North Korea will send a senior delegation to Seoul this week for inter-Korean ministerial talks Wednesday, restoring higher-level dialogue between the two Koreas for the first time in six years.

The two Koreas yesterday held talks at the truce village of Panmunjom at the border to lay the ground rules for the ministerial meeting.

While they agreed to hold the higher-level talks in Seoul on Wednesday, the negotiations continued as of 7:30 p.m. to finalize the details.

After Pyongyang proposed talks Thursday to discuss resurrecting the inter-Korean Kaesong Industrial Complex and Mount Kumgang tour, Seoul responded with a plan to hold a ministerial meeting in Seoul Wednesday.

Seoul’s Unification Ministry spokesman Kim Hyung-suk said yesterday the two Koreas had smooth negotiations, noting that “no argument was seen during the morning session” as inter-Korean contacts were finally restored after years of deadlock and frosty relations.

According to Kim, the two sides reached consensus on having the ministerial meeting in Seoul on Wednesday.

“Through opening remarks, the chief negotiators each presented their positions on the agendas for the ministerial talks and other technical and administrative issues such as the venue, date, size of the delegation, period of trip and transportation route,” Kim said. “And then they discussed the specific arrangements.”

The morning session took place from 10:15 a.m. to 11 a.m. and four more sessions with recesses between followed in the afternoon.

According to the ministry, the two sides exchanged their suggested wordings of how to announce the outcome of the talks in the evening.

More negotiations to finalize the agenda of the Seoul meeting and how long the North Korean delegation will stay were to continue into the night, the ministry said.

The South Korean delegation was led by Chun Hae-sung, head of the unification policy office at the Ministry of Unification, while the North sent Kim Song-hye, a senior official from the Committee for the Peaceful Reunification of the Fatherland, as its chief negotiator. Both of them were accompanied by two officials each.

Yesterday’s talks were the first government contact between the two Koreas in two years and four months.
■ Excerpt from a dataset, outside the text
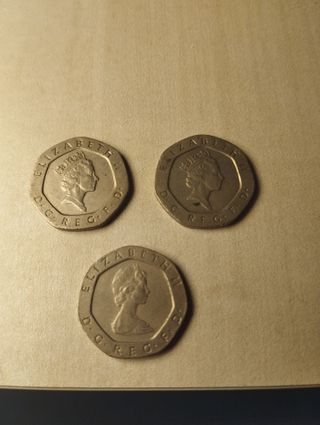 Monedas twenty pence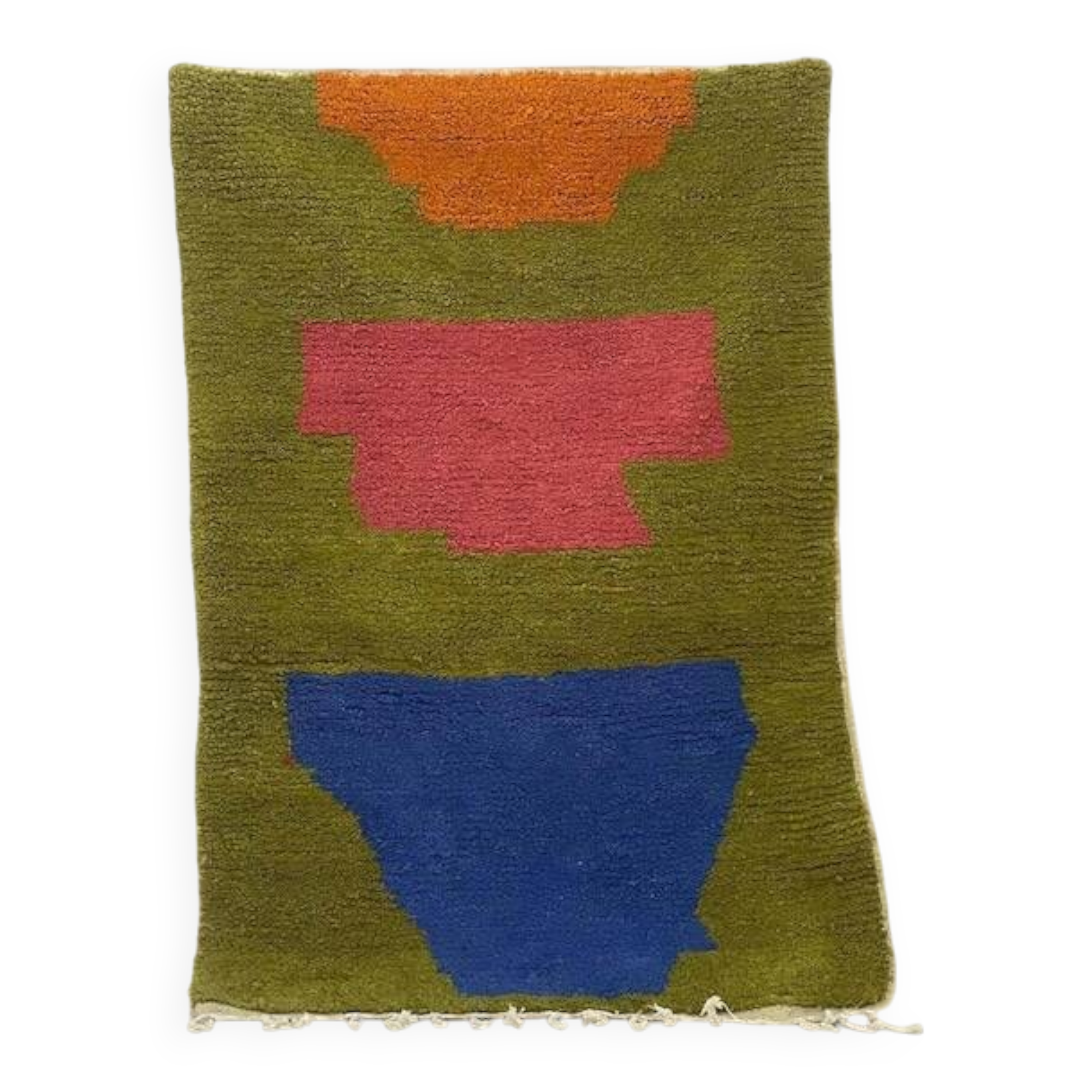 Beni Ouraine Berber rug, handwoven using traditional methods, size 150 x 250 cm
The relationship between Seoul and Pyongyang worsened severely during the presidency of Lee Myung-bak, the predecessor of South Korean President Park Geun-hye.
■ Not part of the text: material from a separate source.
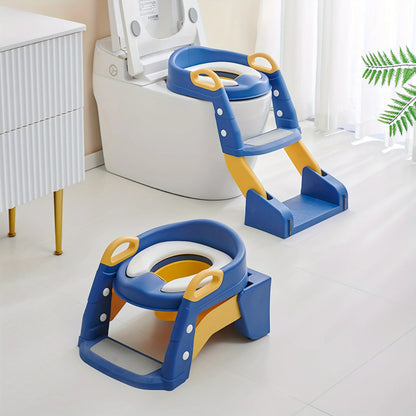 2 In 1 Toilet Potty Training Seat With Step Stool Ladder And Urinal, Safe & Comfortable Potty Chair Withadjustable Height.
The upcoming ministerial talks will be the 22nd of their kind. The 21st meeting took place in Seoul in 2007, and none took place during the Lee administration.

It remains to be seen whom Pyongyang will send to Seoul for Wednesday’s meeting as the counterpart of Unification Minister Ryoo Kihl-jae. Seoul hopes to see Kim Yang-gon, director of the United Front Department of the North’s ruling Workers’ Party, since he is technically the counterpart of Ryoo.

Because the ministerial meeting will address a wide range of sensitive issues such as normalizing the operation of the Kaesong Industrial Complex, resuming the Mount Kumgang tour program and holding reunions of separated families, the South has pressured the North to send Kim, who is considered to have enough authority to make substantive decisions. The South sent a message addressed to Kim last week in an effort to encourage his participation.

When the North withdrew all of its 53,000 workers from the Kaesong factories in April, effectively paralyzing its operation, Kim made a visit to the industrial park and announced the decision.

Since 2007, Kim served as the United Front Department director, overseeing all South Korea affairs. But when the two Koreas had its last ministerial talks that year, the North sent a lower-level negotiator, not Kim, and the meeting ended with no agreement.